Снизу Бабенко спокойно отчитался:
– У нас все в порядке.
Подсчеты печальные, из танковой роты выбыл танк вместе с экипажем Русанова-старшего, теперь еще один танк встал. Русанов-младший должен перейти вместе с экипажем на время в ряды пехоты. Завьялов сориентировался мгновенно:
– Шайдаров, бери двоих. Сбейте замок вот на этом здании, у него окна на площадь перед вокзалом выходят. Тащите туда немецкие пулеметы, автоматы и устанавливаете в окна. Ваша задача – держать под прицелом квадрат со стороны площади у вокзала. Командир, отправляй оставшихся без машин бойцов, вооруженных пулеметами, на мост.
От сиплого голоса Завьялова молодого лейтенанта подбросило, как от удара, – что же он задумался, надо расставить танки на позиции для обороны от врага! Немцы будут здесь с минуты на минуту.
И тут же тишину разорвал лязг железа и ржание лошадей. Эти звуки раздавались все громче и громче со стороны узкоколейки, откуда час назад пришли танки.
– Экипажи, к бою! – выкрикнул Соколов. – Занять огневые позиции, бой до последнего патрона. Прицельный огонь из укрытий по фашистам! – Приказ Завьялова отправил стрелков самостоятельно искать закрытые пространства для ведения обстрела.

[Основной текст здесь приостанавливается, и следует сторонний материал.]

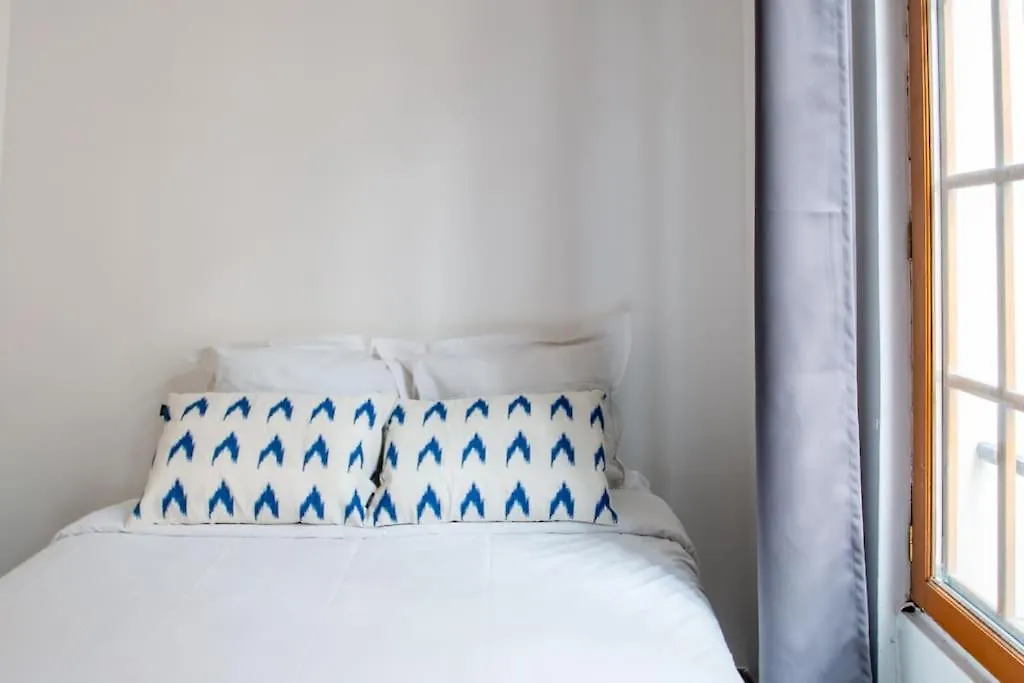 Apartment Studio Spacieux Dans Le Beau Quartier Du Marais Paris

Ржание лошадей становилось все явственнее, стало слышно, как гремят металлические части чего-то тяжелого, что тащат лошади. Ударная группа из пехоты и Т-34 замерла в ожидании: танки ощетинились дулами пушек, на мосту и на крыше здания пулеметчики изготовились к стрельбе.

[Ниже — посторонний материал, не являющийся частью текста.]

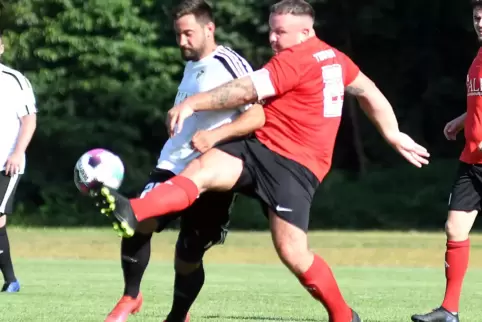 Sascha Oberländer (rechts) läuft wieder für die TSG Albisheim auf, trifft seit seinem Comeback wieder, wie er will.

Соколов не выдержал, отбросил панорамный перископ, откинул люк и прижал бинокль к лицу. Его терзали сомнения:
– Не могут с той стороны немцы идти, да еще так тихо и с лошадьми. У них техники много и пушки не приспособлены для живой тяги, слишком тяжелые.

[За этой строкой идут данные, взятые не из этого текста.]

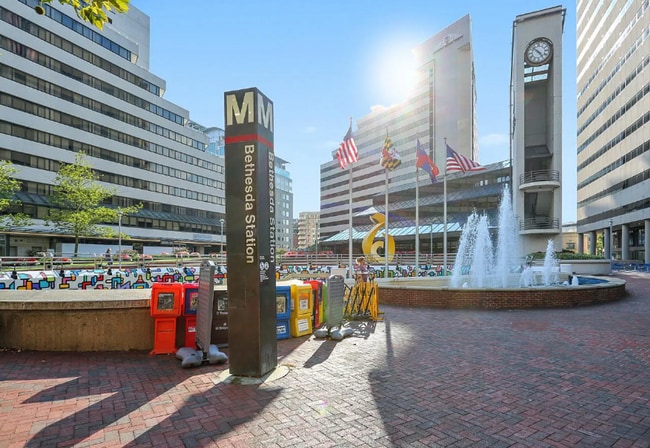 Building Photo - 4 Bed 4 Bath - Bethesda Expanded Colonial - One Car Garage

В бинокль он увидел вдалеке мелькавшие серо-зеленые ватники и шинели. Он покрутил настройки бинокля и смог рассмотреть красные звездочки на пилотках. По дороге ехала запряженная подвода, в ней пара десятков красноармейцев с винтовками. Позади шестиконная упряжка взмыленных лошадей усердно тащила за передки орудие, 76-мм пушку с зарядным ящиком. Еще на одном коне сбоку, чуть привстав в стременах, скакал мужчина. Алексей негромко выкрикнул засевшим в кустах и здании экипировки штрафникам:
– Кажется, наши! Лошади зенитную батарею везут, и с ними пехота!
«Через пару минут они уже будут здесь, – подумал Соколов. – Неужели наши прорвали окружение и к нам идет подкрепление? Надо держаться, осталось совсем немного!»
Лошади из последних сил тянули груз, военный на коне при виде советских танков пришпорил животное. Он подлетел к танку Соколова и отдал честь.